- _PROVIDED MATERIAL_
============================================================
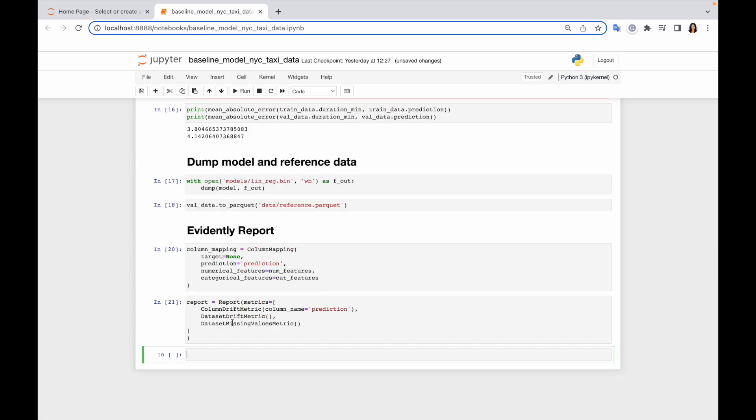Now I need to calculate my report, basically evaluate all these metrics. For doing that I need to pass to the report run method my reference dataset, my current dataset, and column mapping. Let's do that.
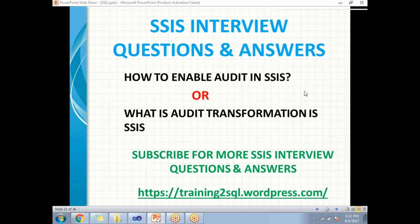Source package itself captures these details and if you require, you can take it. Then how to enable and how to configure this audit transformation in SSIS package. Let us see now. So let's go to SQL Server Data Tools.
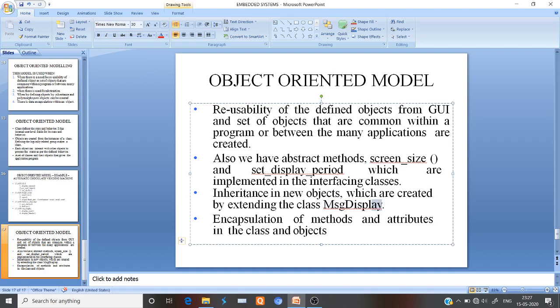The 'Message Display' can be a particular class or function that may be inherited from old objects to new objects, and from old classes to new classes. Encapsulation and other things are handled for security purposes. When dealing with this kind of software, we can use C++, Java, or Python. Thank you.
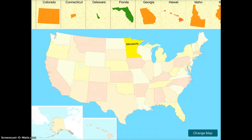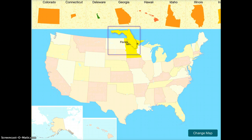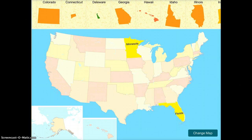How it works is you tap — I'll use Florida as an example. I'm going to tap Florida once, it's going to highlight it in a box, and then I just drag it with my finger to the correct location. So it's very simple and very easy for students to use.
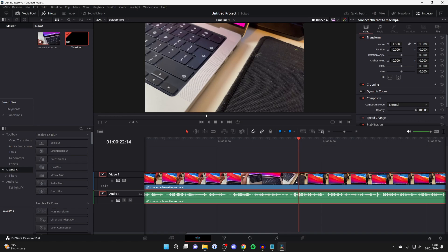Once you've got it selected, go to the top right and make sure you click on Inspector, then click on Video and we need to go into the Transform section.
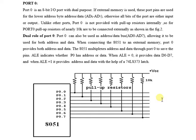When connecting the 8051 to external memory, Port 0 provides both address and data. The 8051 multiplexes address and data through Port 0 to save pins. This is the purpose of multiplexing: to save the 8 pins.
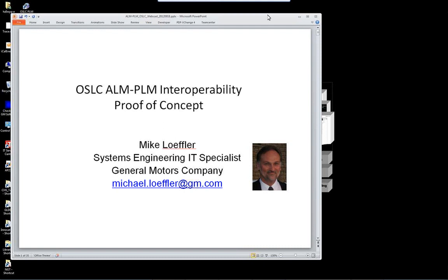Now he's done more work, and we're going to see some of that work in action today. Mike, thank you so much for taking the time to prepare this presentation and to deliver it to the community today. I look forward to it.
============================================================
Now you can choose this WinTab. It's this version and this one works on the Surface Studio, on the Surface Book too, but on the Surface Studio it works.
============================================================
- _PROBLEM TO WORK ON_
Within the listing above, the lines starting at the one containing "Now I need to" and ending at the one containing "Source package itself" are to be returned exactly. Omit the pictures.

- _REPLY_
Now I need to calculate my report, basically evaluate all these metrics. For doing that I need to pass to the report run method my reference dataset, my current dataset, and column mapping. Let's do that.
Source package itself captures these details and if you require, you can take it. Then how to enable and how to configure this audit transformation in SSIS package. Let us see now. So let's go to SQL Server Data Tools.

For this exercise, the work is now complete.